The Federal Trade Commission has filed a lawsuit against Meta and Within, the startup behind the VR fitness app Supernatural. The agency is asking a federal court for a preliminary injunction to stop the two companies from proceeding with an acquisition, alleging the deal would limit competition.
Meta announced its plans to acquire Within in October. The startup's VR fitness app Supernatural has been a surprise hit, and Mark Zuckerberg has called fitness a key part of his company's strategy to broaden the appeal of VR beyond hardcore gaming.
Through a series of key acquisitions and pricing strategies, Meta has turned its VR business into the market's most dominant platform, with a 90% market share in hardware, according to IDC, and subsidiaries behind some of the most successful VR apps, like best-selling rhythm video game Beat Saber. Acquiring yet more software makers could further cement that dominance, critics and regulators have contended.

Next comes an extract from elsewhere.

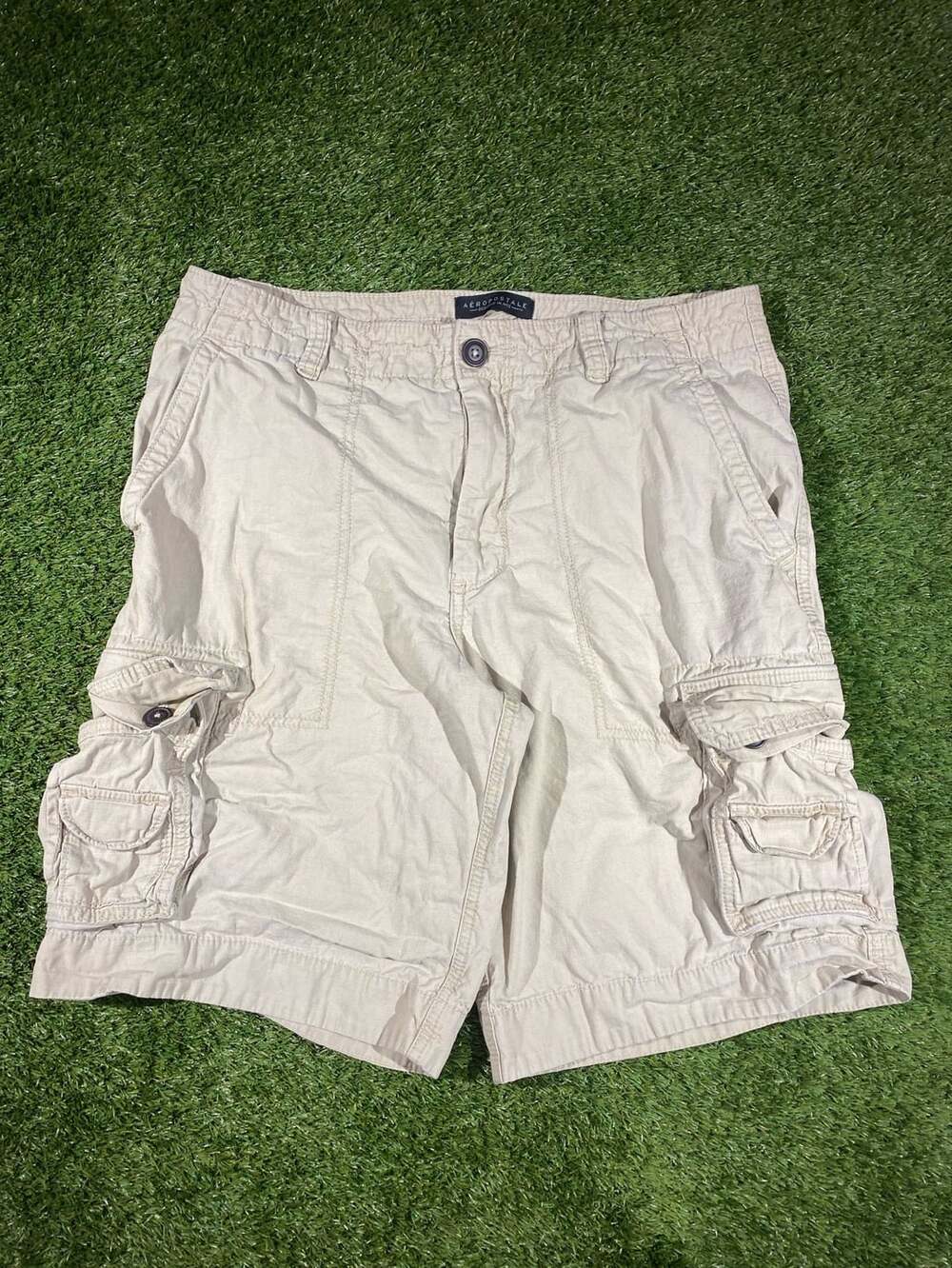 Aeropostale Cargo Shorts Size 34 Beige Cotton Utility Pockets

The FTC alleges this acquisition would be harmful to consumers and competitors alike. “Instead of competing on the merits, Meta is trying to buy its way to the top,” said FTC Bureau of Competition Deputy Director John Newman in a statement. “Meta chose to buy market position instead of earning it on the merits. This is an illegal acquisition, and we will pursue all appropriate relief.” Meta would be able to close the acquisition of Within by the end of this month if no preliminary injunction is granted, according to the filing.

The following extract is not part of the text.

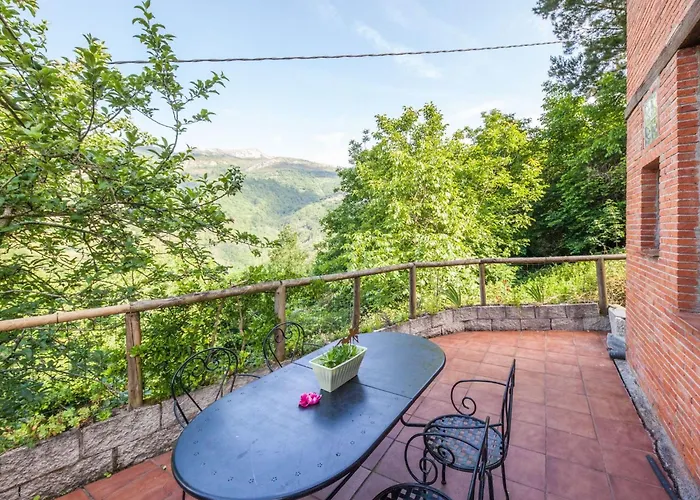 Jacuzzi- Kamin- Grill Und Spektakulaere Aussicht By Interhome *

A Meta spokesperson called those arguments "not credible." "The FTC's case is based on ideology and speculation, not evidence," the spokesperson said in a statement provided to Protocol. "By attacking this deal in a 3-2 vote, the FTC is sending a chilling message to anyone who wishes to innovate in VR. We are confident that our acquisition of Within will be good for people, developers and the VR space.”
The agency further expanded on its position in the complaint itself. "If consummated, the acquisition would substantially lessen competition, or tend to create a monopoly, in the relevant market for VR dedicated fitness apps and the broader relevant market for VR fitness apps," the complaint states. "That lessening of rivalry may yield multiple harmful outcomes, including less innovation, lower quality, higher prices, less incentive to attract and keep employees, and less consumer choice."
The preliminary injunction is meant to give the FTC time to issue an administrative complaint against the merger, and then start full-blown administrative proceedings. Taking that step against a startup acquisition is part of the FTC's more aggressive stance against Big Tech, which includes a focus on emerging technologies.
FTC Chair Lina Khan told Protocol last month that AR and VR were especially important markets for the agency. "I think these types of nascent, expanding markets are definitely on our radar and top of mind," Khan told Protocol. "Especially in as much as VR or AR [are] also becoming a major part of how some of these games are functioning for users and [how] users are interacting."